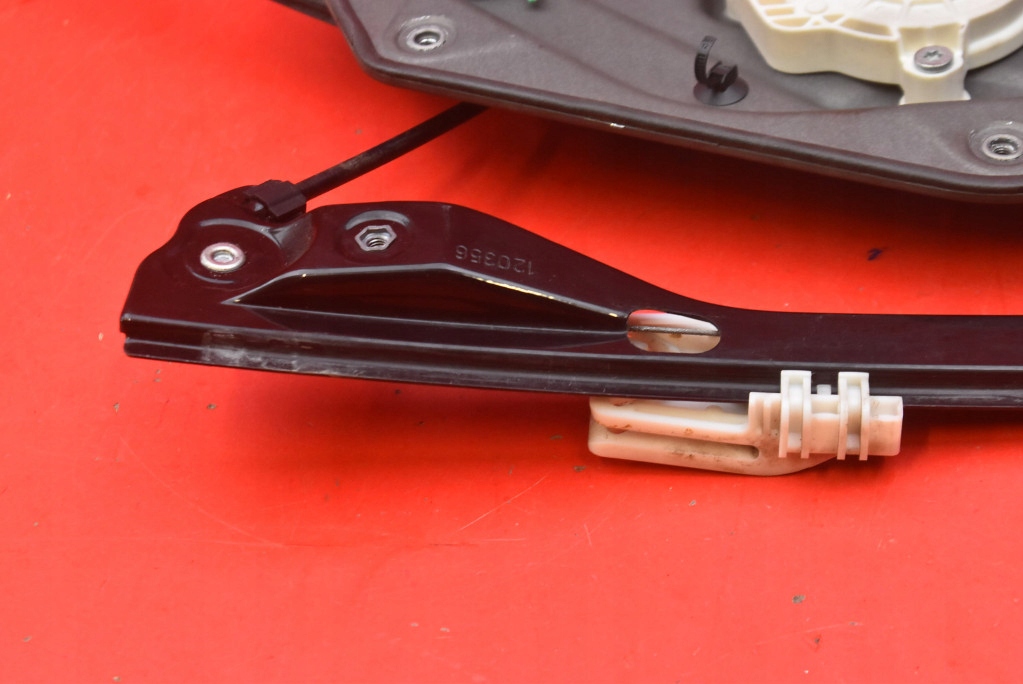 window regulator right front EU 3T0837402A SKODA SUPERB 2 II 08-13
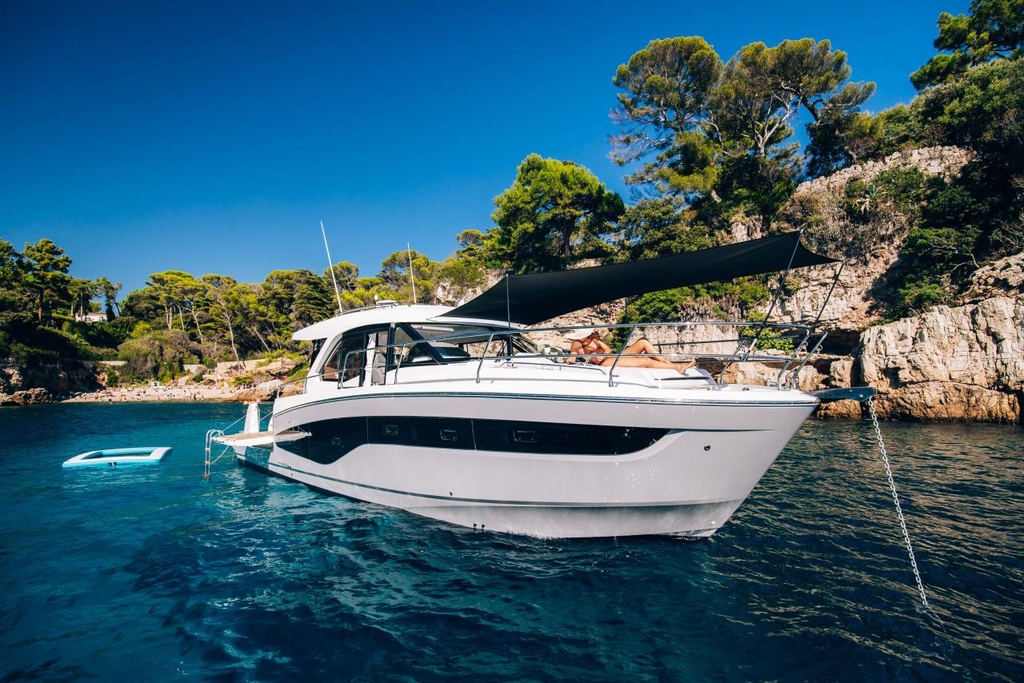 [antares-fuera-borda-antares-12-coupe] BENETEAU ANTARES 12 COUPE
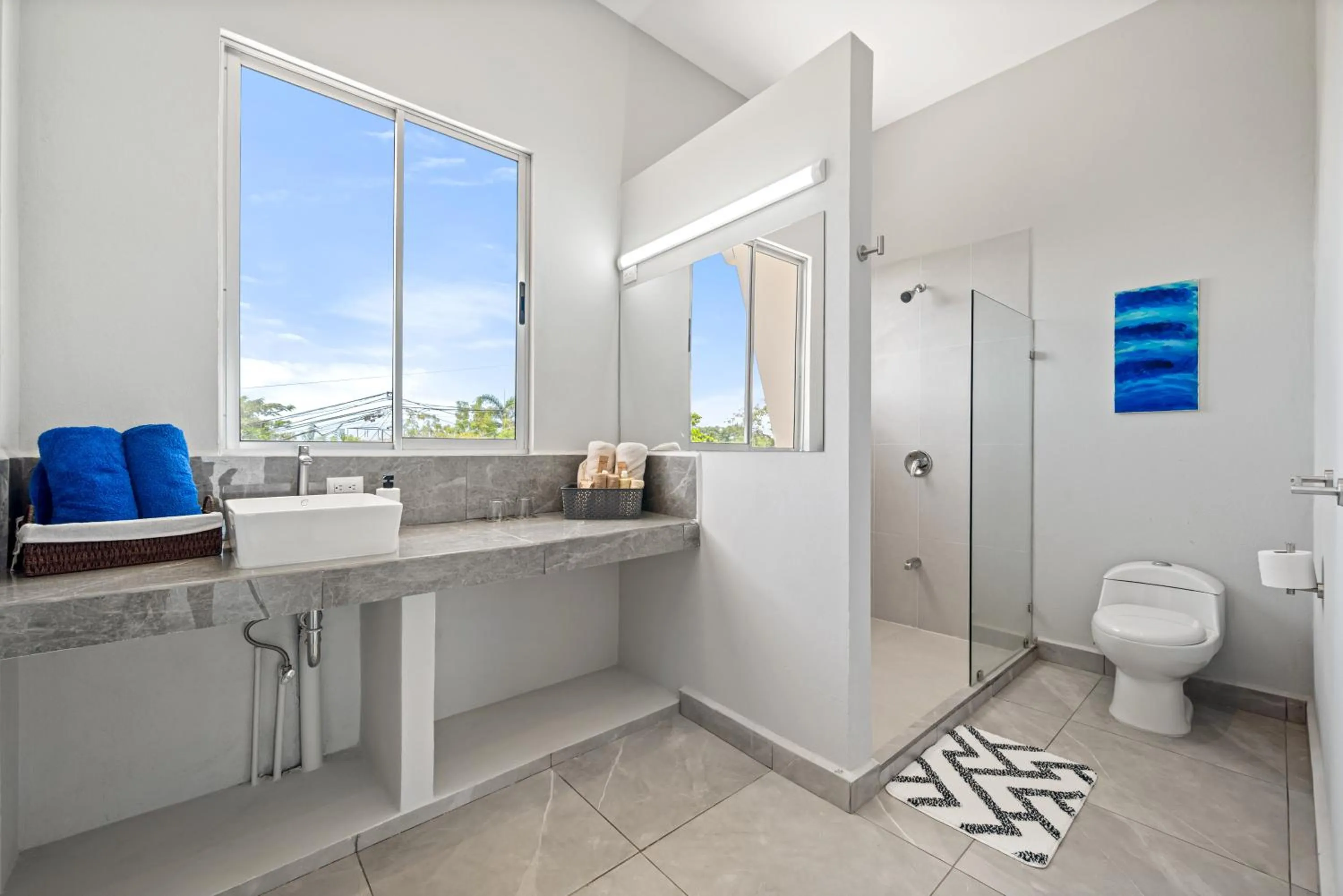 Shower in La Ramona Charming Hotel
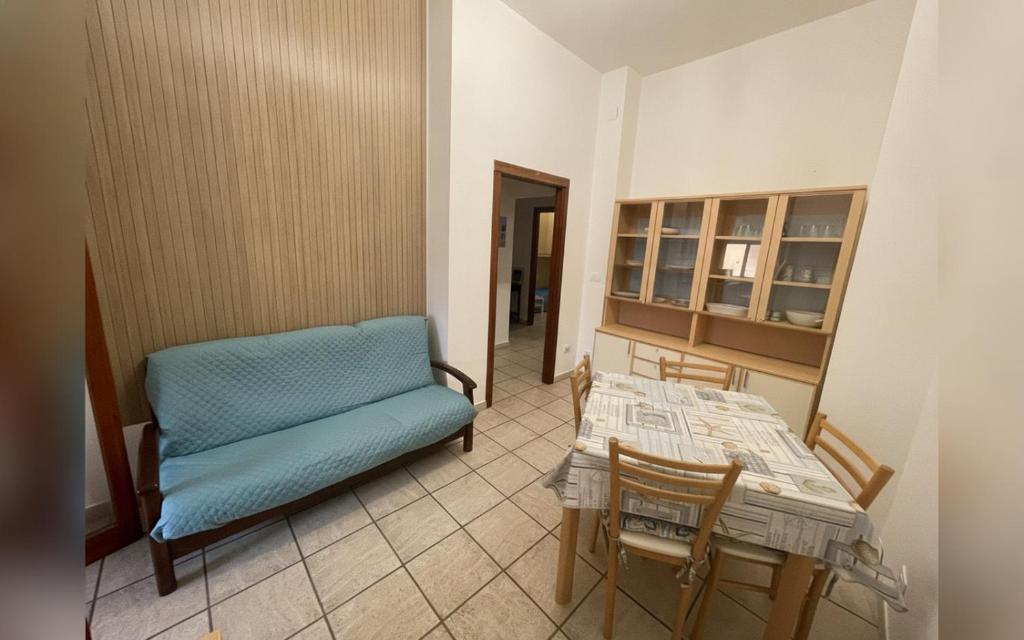 Ben House - 5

+ + +

> _Exercise goal_
Would you return the material exactly, images excluded?

> _Reply to the exercise_
 window regulator right front EU 3T0837402A SKODA SUPERB 2 II 08-13
 [antares-fuera-borda-antares-12-coupe] BENETEAU ANTARES 12 COUPE
 Shower in La Ramona Charming Hotel
 Ben House - 5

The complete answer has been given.